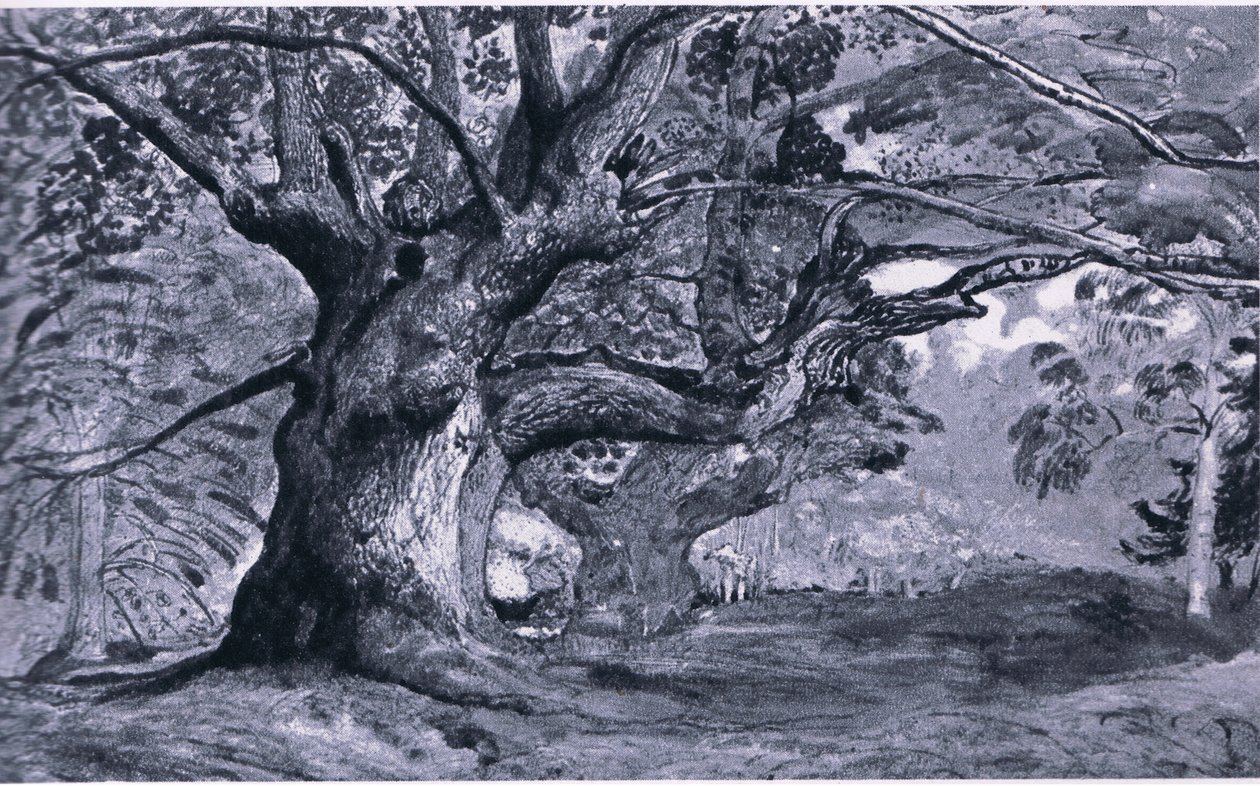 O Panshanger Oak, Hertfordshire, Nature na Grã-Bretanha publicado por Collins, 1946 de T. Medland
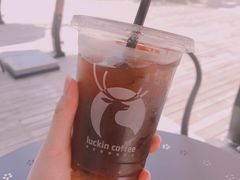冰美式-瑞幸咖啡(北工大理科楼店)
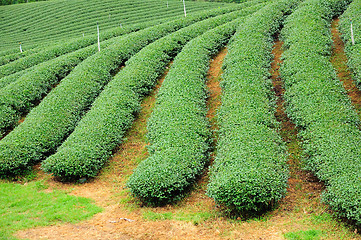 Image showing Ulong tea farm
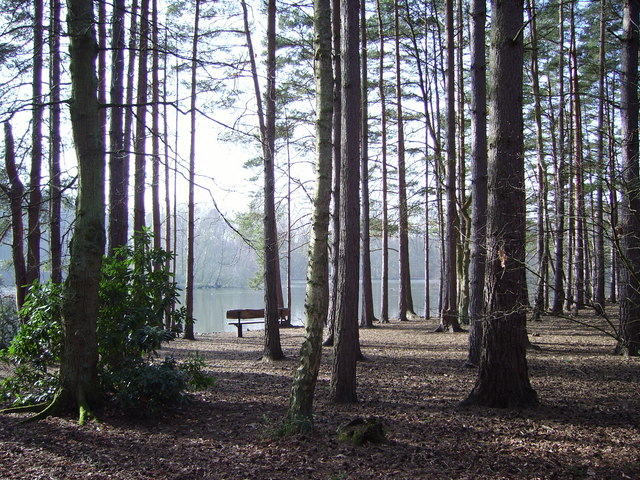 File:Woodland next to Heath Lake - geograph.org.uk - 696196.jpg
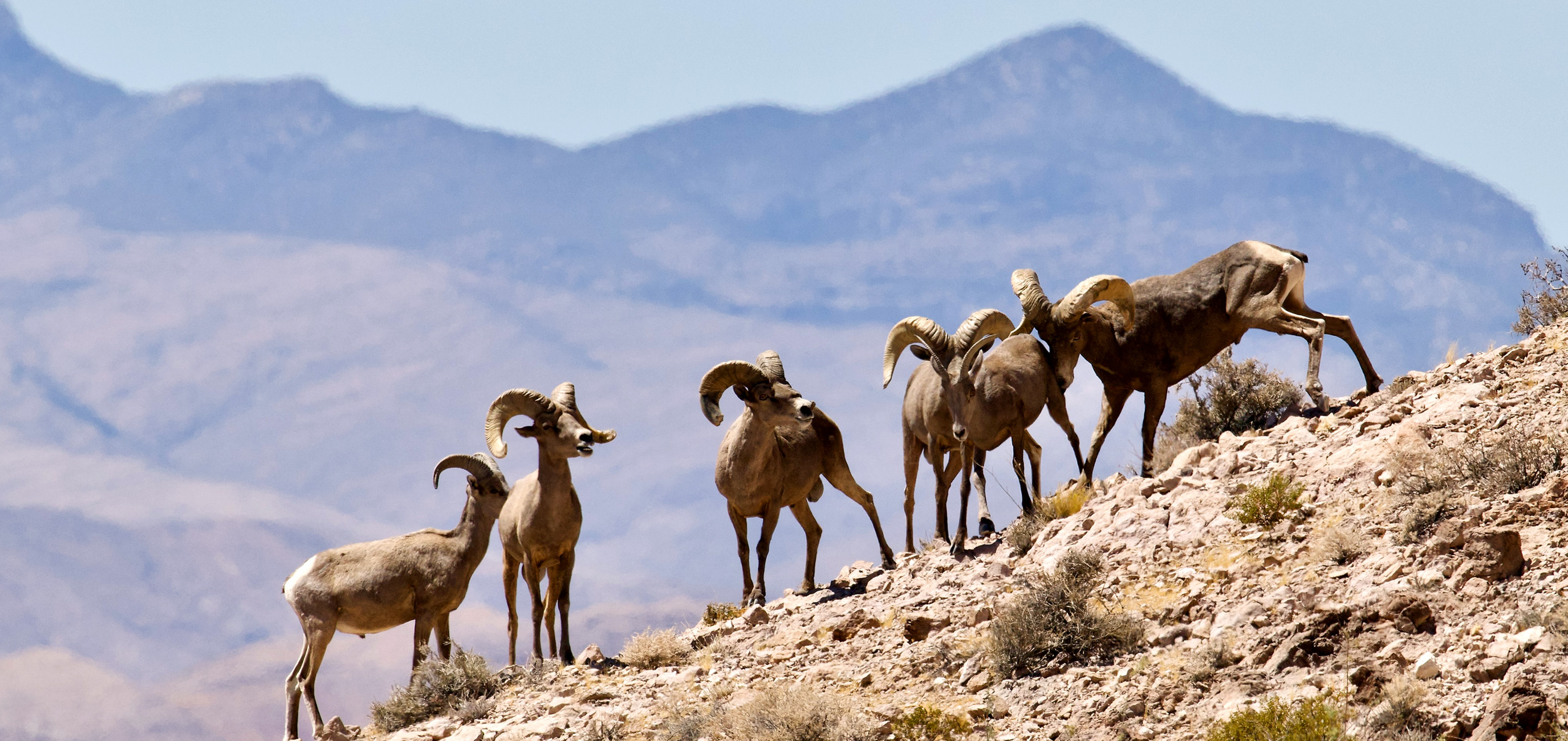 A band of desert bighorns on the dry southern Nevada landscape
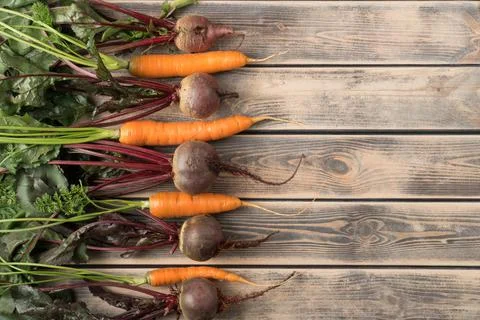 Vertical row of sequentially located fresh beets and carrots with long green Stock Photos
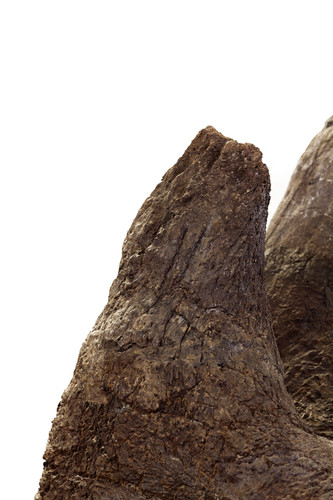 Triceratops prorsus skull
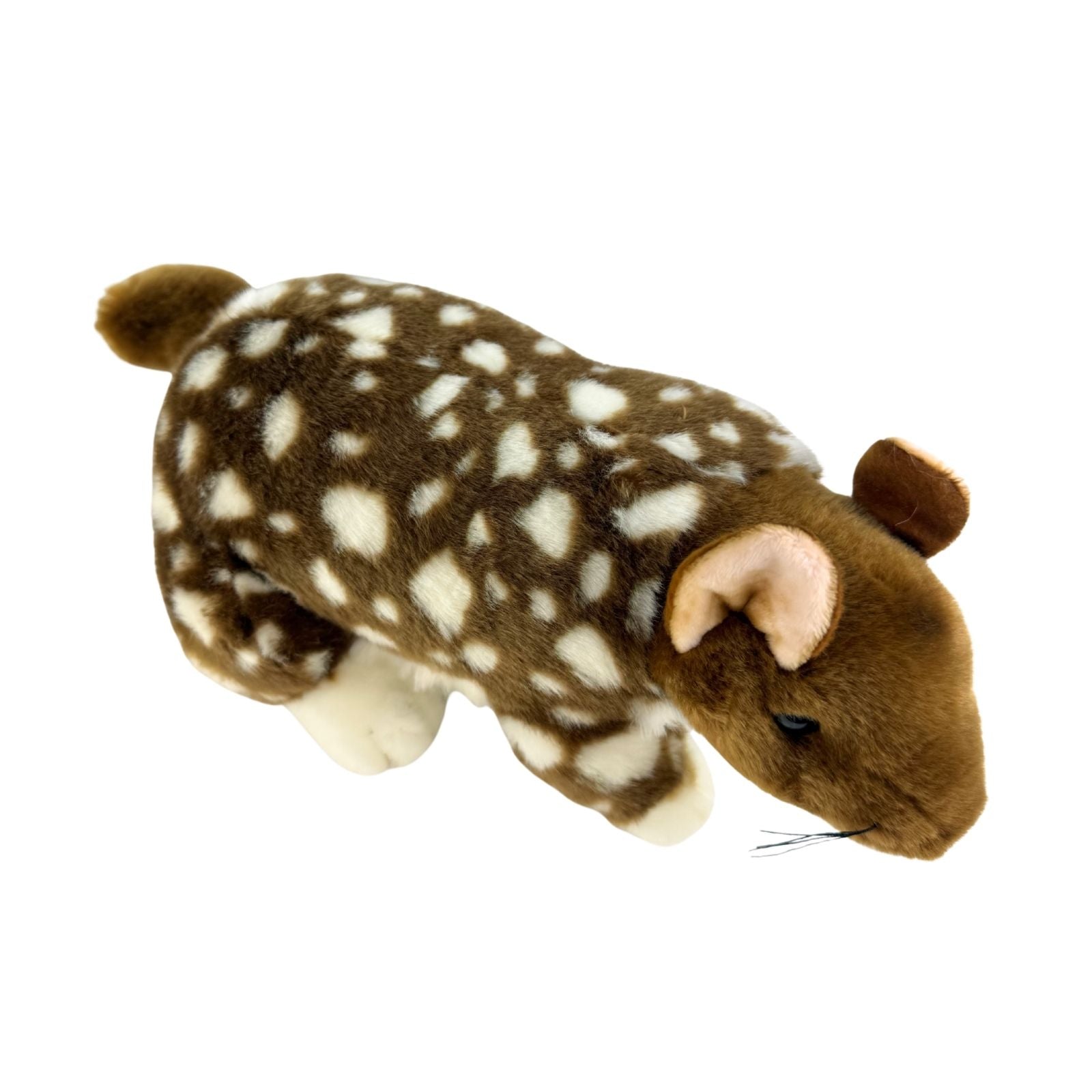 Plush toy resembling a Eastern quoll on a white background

━━━━━━━━━━━━━━━━━━━━

§ The task
Exact repetition of the data is needed, with no images retained.

§ Solution to this exercise
 O Panshanger Oak, Hertfordshire, Nature na Grã-Bretanha publicado por Collins, 1946 de T. Medland
冰美式-瑞幸咖啡(北工大理科楼店)
 Image showing Ulong tea farm
 File:Woodland next to Heath Lake - geograph.org.uk - 696196.jpg
 A band of desert bighorns on the dry southern Nevada landscape
 Vertical row of sequentially located fresh beets and carrots with long green Stock Photos
 Triceratops prorsus skull
 Plush toy resembling a Eastern quoll on a white background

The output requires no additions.